Dr. Jean Chamberlain Froese. Belleville, Ont.: Epic Press, 2004.

Dr. Chamberlain Froese is a Canadian obstetrician/ gynecologist who has worked in various African, South American and Middle Eastern countries. Her life’s work is to help reduce deaths of women in childbirth through proper care and medical intervention. The book raises awareness of the value of women for the health of their families and communities, as well as ways childbirth can become less risky with the help of people from developed nations.

The book begins with appalling statistics – 1600 women a day die from complications in pregnancy and childbirth, 90% of them in sub-Saharan Africa and Asia. But Dr. Chamberlain Froese’s focus is not on paralyzing numbers, but on telling the stories of individual women. Complications not mentioned in the popular pregnancy tome What to Expect When You’re Expecting are routine and life-threatening in developing nations. Remoteness from medical help presents challenges for healthy delivery, as do diseases and wars. The story that stuck in my mind was of a village midwife who strapped a dying woman on the back of a motorbike and rode through rebel fighting for two-and-a-half hours in a vain attempt to save the life of the child and mother.

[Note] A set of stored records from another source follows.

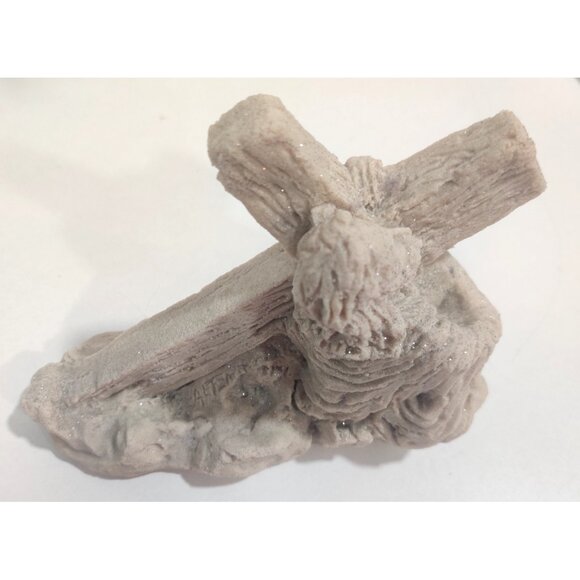 Sand Sculpture Beach Art Jesus Christ Carrying The Cross 7x2.5x5.5" Signed - Picture 7 of 16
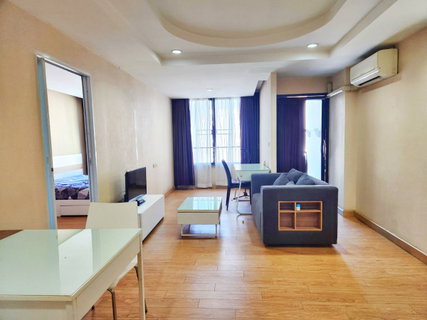Selling Trams condo Jed yod , near Nimman , Maya Mall Tel. 082-3899314 (Boo)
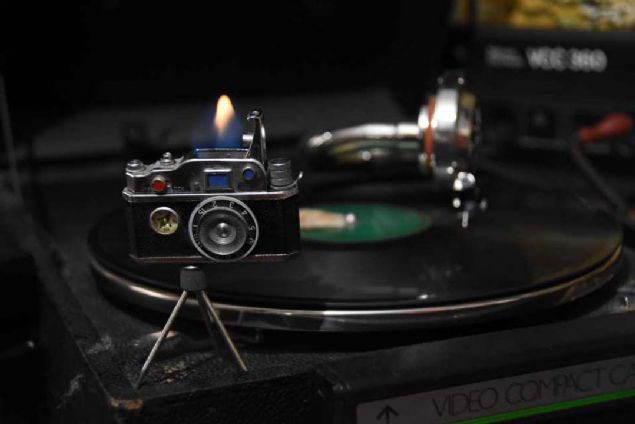 Osmanl�ca, Frans�zca, �spanyolca ve �ngilizce r�sumlu �akmaklar da mevcut. Mermi, foto�raf makinesi, �izme, tabanca ve farkl� �ekillerde �akmaklar var. Ev almay� d���nd���m i�in koleksiyonumu satmaya karar verdim. Koleksiyonuma 20 bin lira de�er bi�tim. Bunlar� tek tek toplamaya �al��san�z belki 10-15 senenizi alabilir' diye konu�tu. 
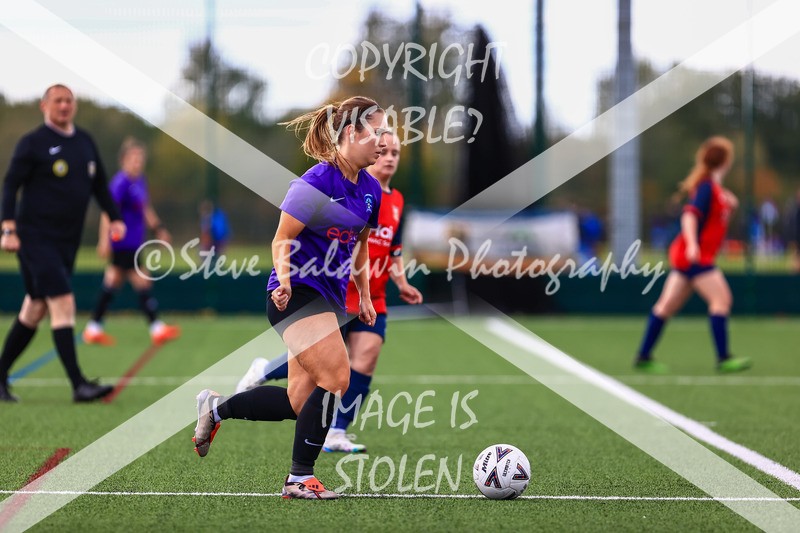1DX30798 - 2025-10-05 FC Abbey Meads Ladies V Purton  Kingsdown FC Ladies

Dr. Chamberlain Froese couples the overwhelming sense of tragedy with the lesson God taught her: “Your hands are my hands. Your voice is my voice. Your presence is my presence. My hands have been stroking her painful back and my voice has been calming her soul.” Not all of the stories end happily but there are beautiful stories of healthy children born in difficult circumstances and of the difference that simple medical supplies and trained attendants can make. Bible verses, quotes about motherhood and her own reactions are woven through the stories of the women whose births she recounts.

This book demands a response from those of us for whom maternal and infant health is a matter of routine. Among many options readers are offered at the end is support of the Save the Mothers program, which Dr. Chamberlain Froese directs.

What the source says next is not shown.